Oldest Decoratively Carved Wood in Britain Found During Building Project
A large piece of wood discovered by chance, lying in peat in excellent condition during the construction of a workshop in Boxford, Berkshire, has been identified by Historic England as being more than 6,000 years old, making it the oldest decoratively carved wood in Britain. It was carved 2,000 years before Stonehenge was built and 4,500 years before the Romans came to Britain.
Experts from Historic England, working with scientists from Nottingham Tree-ring Dating Laboratory and The Centre for Isotope Research, University of Groningen, carried out radiocarbon dating of a timber slice from the wood that was dissected into individual tree-rings. The data shows there is a 95 per cent probability that this piece of wood dates to around 4640 to 4605 BC.
It is 500 years older than the only other known decoratively carved timber in Britain discovered near Maerdy in Wales, which dates to the Late Mesolithic/Early Neolithic period (around 4270 to 4000 BC).

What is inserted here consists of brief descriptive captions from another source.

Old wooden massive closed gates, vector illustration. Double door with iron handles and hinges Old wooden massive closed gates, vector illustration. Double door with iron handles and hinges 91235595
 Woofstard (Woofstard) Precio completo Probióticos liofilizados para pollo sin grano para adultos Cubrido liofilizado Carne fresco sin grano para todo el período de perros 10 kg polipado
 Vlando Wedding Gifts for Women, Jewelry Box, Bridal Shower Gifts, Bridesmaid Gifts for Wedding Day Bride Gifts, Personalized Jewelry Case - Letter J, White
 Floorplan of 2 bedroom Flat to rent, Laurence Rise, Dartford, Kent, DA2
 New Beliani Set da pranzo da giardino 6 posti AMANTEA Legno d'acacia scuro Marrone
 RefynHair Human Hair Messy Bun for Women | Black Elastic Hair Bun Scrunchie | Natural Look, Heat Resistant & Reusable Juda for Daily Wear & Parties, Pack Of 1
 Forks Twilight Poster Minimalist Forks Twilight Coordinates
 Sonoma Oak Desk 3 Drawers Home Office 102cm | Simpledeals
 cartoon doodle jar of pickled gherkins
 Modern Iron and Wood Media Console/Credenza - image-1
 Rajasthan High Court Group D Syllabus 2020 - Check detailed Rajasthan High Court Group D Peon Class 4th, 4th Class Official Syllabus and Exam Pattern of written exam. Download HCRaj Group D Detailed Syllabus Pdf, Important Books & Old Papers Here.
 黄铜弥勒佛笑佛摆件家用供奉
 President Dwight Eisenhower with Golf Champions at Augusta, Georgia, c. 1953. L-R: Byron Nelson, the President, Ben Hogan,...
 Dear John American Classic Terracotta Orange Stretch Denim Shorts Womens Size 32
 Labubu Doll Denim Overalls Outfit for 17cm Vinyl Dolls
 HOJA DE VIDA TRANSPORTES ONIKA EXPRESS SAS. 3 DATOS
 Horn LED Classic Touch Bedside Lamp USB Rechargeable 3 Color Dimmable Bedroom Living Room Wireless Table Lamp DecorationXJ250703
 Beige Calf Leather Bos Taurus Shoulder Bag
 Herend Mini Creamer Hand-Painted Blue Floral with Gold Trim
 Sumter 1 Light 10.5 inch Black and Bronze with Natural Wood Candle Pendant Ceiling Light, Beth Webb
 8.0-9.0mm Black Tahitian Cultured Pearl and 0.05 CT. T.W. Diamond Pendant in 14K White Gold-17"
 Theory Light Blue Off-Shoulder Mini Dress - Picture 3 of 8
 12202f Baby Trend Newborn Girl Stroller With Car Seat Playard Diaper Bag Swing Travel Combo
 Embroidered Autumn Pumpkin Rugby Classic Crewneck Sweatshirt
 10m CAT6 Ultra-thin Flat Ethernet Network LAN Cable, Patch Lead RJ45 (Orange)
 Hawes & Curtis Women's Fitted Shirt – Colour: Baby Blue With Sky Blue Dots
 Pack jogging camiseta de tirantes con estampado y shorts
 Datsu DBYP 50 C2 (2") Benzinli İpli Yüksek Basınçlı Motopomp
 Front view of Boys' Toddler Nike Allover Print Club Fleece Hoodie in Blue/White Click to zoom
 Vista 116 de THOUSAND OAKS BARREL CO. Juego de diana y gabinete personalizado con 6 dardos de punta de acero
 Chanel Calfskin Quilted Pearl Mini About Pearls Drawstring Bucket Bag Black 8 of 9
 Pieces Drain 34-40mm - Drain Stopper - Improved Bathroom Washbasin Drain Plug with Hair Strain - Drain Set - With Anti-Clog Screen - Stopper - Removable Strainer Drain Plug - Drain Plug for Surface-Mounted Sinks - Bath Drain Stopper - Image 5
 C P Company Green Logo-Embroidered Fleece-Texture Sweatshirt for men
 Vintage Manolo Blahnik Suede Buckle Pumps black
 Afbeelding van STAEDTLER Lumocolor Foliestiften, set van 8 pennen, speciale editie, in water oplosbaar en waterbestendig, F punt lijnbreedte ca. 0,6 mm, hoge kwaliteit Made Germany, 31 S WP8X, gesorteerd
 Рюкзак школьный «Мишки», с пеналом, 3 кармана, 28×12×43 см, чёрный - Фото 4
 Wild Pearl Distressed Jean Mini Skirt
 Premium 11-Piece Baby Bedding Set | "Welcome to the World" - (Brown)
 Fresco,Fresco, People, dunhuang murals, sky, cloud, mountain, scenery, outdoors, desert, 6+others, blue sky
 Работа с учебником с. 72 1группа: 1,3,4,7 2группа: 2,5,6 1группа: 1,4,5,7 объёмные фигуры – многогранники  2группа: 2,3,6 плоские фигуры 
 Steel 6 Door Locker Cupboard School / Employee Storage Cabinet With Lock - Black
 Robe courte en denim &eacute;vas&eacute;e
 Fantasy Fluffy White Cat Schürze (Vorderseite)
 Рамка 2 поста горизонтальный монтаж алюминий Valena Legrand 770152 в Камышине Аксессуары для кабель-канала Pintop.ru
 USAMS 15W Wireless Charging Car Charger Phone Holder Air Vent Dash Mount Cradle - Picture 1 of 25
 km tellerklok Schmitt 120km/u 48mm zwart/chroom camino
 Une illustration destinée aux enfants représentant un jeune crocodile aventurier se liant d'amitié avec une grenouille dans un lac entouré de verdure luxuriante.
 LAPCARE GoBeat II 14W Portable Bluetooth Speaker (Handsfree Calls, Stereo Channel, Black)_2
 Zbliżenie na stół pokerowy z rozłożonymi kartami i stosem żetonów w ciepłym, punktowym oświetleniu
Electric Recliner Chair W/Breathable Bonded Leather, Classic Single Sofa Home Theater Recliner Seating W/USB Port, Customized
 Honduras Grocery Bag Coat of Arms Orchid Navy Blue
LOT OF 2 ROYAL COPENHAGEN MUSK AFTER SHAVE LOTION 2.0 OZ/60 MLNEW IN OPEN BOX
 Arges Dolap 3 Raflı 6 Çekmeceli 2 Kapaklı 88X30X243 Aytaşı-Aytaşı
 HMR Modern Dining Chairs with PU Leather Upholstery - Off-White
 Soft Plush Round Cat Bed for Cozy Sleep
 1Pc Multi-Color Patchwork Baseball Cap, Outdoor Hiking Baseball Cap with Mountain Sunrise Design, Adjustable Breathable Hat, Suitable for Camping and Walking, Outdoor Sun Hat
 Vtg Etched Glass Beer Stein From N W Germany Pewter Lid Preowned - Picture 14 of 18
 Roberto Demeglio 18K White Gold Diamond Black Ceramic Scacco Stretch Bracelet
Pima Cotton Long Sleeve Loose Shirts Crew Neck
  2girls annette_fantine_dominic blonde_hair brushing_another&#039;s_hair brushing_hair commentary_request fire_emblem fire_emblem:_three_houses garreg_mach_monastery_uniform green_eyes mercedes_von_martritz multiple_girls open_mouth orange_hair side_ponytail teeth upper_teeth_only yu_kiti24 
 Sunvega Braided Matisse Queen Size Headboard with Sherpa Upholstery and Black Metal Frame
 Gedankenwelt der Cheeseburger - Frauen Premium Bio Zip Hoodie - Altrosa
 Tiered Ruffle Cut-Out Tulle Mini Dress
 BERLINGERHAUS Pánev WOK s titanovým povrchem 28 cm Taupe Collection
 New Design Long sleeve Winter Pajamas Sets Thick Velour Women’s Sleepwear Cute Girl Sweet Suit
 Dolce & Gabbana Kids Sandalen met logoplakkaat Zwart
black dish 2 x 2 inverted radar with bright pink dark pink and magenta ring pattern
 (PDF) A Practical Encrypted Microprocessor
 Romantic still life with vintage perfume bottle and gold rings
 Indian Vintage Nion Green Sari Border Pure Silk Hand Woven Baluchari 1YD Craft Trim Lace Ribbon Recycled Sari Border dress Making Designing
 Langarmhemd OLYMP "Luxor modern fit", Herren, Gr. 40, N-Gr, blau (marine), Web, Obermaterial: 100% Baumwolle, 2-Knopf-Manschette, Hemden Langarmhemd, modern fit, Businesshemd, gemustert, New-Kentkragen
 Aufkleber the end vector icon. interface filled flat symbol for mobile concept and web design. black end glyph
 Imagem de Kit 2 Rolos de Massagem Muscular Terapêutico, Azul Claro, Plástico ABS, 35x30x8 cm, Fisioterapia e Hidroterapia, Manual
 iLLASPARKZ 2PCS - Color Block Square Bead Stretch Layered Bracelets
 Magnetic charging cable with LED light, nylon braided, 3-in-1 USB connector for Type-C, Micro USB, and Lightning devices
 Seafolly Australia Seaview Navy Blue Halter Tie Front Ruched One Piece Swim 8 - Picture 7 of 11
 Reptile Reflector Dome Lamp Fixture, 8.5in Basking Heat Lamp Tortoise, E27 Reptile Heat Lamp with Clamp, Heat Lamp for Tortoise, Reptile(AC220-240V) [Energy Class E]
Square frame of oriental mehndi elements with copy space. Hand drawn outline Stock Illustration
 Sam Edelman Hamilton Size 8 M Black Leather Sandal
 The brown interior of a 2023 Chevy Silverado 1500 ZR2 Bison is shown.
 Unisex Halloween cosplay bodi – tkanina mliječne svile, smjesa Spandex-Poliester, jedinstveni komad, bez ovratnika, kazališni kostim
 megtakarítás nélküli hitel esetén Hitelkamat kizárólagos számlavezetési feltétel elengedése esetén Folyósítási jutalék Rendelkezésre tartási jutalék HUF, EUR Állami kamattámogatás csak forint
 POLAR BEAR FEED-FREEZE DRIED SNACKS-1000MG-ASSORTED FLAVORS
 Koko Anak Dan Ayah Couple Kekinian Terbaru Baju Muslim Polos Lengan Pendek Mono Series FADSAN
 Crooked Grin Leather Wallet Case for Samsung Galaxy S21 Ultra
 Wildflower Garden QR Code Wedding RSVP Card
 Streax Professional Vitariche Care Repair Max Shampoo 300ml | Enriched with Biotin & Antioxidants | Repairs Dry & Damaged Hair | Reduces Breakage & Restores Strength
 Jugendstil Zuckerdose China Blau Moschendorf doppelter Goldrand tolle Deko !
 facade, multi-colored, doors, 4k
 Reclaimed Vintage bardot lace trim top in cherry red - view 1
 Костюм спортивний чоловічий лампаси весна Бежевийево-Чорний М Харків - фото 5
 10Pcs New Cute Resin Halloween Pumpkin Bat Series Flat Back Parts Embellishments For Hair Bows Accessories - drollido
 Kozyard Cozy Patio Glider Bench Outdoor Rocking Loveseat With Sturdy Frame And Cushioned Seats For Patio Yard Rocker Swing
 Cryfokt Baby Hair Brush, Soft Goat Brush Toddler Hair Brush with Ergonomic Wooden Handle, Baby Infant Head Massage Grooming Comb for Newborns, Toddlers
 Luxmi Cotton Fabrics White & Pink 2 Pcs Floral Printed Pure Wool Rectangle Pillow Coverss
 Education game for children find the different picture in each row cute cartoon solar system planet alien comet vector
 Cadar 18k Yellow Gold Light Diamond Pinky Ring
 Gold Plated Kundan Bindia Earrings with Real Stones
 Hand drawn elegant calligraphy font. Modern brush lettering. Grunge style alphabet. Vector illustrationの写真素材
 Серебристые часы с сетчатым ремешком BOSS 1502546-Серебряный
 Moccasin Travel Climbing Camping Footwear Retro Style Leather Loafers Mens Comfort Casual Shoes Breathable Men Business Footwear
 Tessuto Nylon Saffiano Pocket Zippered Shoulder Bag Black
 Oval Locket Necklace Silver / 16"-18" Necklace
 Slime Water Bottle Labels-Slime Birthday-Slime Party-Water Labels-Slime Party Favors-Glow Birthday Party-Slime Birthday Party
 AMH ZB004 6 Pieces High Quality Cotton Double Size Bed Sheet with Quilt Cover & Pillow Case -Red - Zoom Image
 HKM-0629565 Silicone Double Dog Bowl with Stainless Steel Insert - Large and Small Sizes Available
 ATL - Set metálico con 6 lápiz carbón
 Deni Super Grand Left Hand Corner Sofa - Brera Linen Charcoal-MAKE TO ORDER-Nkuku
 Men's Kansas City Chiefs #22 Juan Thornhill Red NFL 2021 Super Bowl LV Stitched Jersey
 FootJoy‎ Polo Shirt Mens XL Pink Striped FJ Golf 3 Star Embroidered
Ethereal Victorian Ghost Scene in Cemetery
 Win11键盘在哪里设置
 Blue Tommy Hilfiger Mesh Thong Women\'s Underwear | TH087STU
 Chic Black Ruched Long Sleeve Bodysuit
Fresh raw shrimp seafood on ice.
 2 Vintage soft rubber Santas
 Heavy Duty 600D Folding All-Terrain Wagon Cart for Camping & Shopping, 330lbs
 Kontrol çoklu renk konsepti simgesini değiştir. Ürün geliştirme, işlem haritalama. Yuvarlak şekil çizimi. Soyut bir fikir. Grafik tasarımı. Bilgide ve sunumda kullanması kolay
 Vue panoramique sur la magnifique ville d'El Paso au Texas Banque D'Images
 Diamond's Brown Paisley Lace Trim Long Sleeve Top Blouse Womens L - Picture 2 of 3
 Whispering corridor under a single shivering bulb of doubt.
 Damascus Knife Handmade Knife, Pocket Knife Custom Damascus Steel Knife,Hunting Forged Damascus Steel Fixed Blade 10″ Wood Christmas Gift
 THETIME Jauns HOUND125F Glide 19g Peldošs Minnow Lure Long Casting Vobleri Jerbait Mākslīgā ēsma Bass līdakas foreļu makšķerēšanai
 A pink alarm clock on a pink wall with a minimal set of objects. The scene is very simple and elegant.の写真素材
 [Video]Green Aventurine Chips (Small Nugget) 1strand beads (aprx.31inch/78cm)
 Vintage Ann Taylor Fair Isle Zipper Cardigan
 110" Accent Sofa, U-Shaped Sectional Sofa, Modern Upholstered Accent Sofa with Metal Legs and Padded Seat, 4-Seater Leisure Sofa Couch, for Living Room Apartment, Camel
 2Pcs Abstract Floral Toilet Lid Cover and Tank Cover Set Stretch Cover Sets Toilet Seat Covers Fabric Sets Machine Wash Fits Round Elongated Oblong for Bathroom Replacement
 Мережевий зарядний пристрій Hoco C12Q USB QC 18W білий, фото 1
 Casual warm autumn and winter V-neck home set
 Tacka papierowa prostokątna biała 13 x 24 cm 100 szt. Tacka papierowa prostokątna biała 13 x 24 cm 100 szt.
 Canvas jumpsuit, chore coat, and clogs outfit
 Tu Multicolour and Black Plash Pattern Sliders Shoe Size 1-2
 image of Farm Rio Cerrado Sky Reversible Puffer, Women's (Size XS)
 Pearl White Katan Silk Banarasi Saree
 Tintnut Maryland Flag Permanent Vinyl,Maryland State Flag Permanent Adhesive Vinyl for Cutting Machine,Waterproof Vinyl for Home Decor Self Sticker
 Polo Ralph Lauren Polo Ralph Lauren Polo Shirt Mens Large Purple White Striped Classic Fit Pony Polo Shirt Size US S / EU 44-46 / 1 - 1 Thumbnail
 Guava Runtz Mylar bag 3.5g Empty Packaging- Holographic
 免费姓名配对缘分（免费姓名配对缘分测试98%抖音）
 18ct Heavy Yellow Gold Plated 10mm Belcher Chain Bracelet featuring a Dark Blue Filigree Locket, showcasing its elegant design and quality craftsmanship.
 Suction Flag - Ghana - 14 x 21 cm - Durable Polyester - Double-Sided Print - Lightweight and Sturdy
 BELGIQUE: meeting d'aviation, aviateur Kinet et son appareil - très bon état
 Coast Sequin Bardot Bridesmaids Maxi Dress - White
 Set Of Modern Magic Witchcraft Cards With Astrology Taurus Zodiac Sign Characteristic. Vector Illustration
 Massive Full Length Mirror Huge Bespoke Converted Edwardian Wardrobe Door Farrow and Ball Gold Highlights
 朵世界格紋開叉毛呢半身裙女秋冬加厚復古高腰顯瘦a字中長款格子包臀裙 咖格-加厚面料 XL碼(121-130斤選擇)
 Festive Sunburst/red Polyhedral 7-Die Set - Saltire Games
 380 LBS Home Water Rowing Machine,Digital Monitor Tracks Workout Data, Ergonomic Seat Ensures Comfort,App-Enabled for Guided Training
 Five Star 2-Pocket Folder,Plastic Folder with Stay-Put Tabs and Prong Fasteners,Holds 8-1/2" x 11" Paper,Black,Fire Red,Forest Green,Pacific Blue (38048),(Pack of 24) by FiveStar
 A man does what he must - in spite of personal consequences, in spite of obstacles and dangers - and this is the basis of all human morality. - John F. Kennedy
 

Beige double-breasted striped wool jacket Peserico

Duncan Wilson, Chief Executive of Historic England, said:
“It’s remarkable that by doing routine building work, a piece of modest-looking decorative wood turns out to be the oldest ever found in Britain. This exciting find has helped to shine new light on our distant past and we’re grateful to the landowner for recognising its significance. Amazing discoveries like these remind us of the power of archaeology to uncover the hidden narratives that connect us to our roots.”
It was a rather surprising find at the bottom of a trench dug for foundations for a new building. It was clearly very old and appeared well preserved in peat. After hosing it down, we saw that it had markings that appeared unnatural and possibly man-made. I have been working with Historic England and the Boxford History Project since I found it, now over four years ago, while radiocarbon dating of the wood was carried out.
The Boxford Timber
The piece of waterlogged carved oak is one metre long, 0.42 metres wide and 0.2 metres thick and was discovered by landowner Derek Fawcett during groundworks for the building of a workshop. It was found approximately 1.5 metres (5 foot) below the surface not far from the present course of the River Lambourn in a layer of peat. Peat can preserve organic materials like wood over thousands of years because the normal processes of decay are slowed right down due to a lack of oxygen within the peat.
The timber was removed and later that day it was cleaned and found to have some markings that did not appear to be natural.
The purpose of the markings on this piece of timber is not known, but they are reminiscent of the decoration seen in early Neolithic pottery and are also believed to be similar to the body decoration on the Shigir Idol – a wooden sculpture found in the Ural Mountains of Russia which, at over 12,000 years old, is believed to be the oldest example of carved wood in the world.
After being notified of the find in 2019, West Berkshire Council’s archaeologist Sarah Orr contacted Historic England for expert advice. It is now being conserved at Historic England’s science facility in Fort Cumberland in Portsmouth.
We are very grateful to the landowner for alerting us to this unexpected discovery, and to Historic England for providing the specialist analysis which has revealed the astonishingly early date of this mysterious artefact. Whilst West Berkshire has long been known in archaeological circles as nationally important for its Middle Stone Age sites, these are predominantly in the Kennet Valley and are Early Mesolithic. The Boxford timber by contrast was found preserved in peat by the River Lambourn and dates from the end of this prehistoric period of hunter-gatherer lifestyle, adding to the significance of this component of our district’s historic environment.
To coincide with Museums Week (5 to 11 June), Derek Fawcett has donated the timber to the West Berkshire Museum in Newbury where it will eventually go on display.
The museum is also working with the Boxford History Project to arrange for the timber to go on loan to the Boxford village heritage centre.
This is a brilliant find and we are very excited at the prospect of displaying this incredible artefact at the Museum, although it won’t be ready to show for some time yet. Further study may reveal more about the markings on the oak and its context, but its unearthing gives us perspective on the long rich heritage of West Berkshire, and a tangible link to humans who lived in this area long before any towns and villages had been created.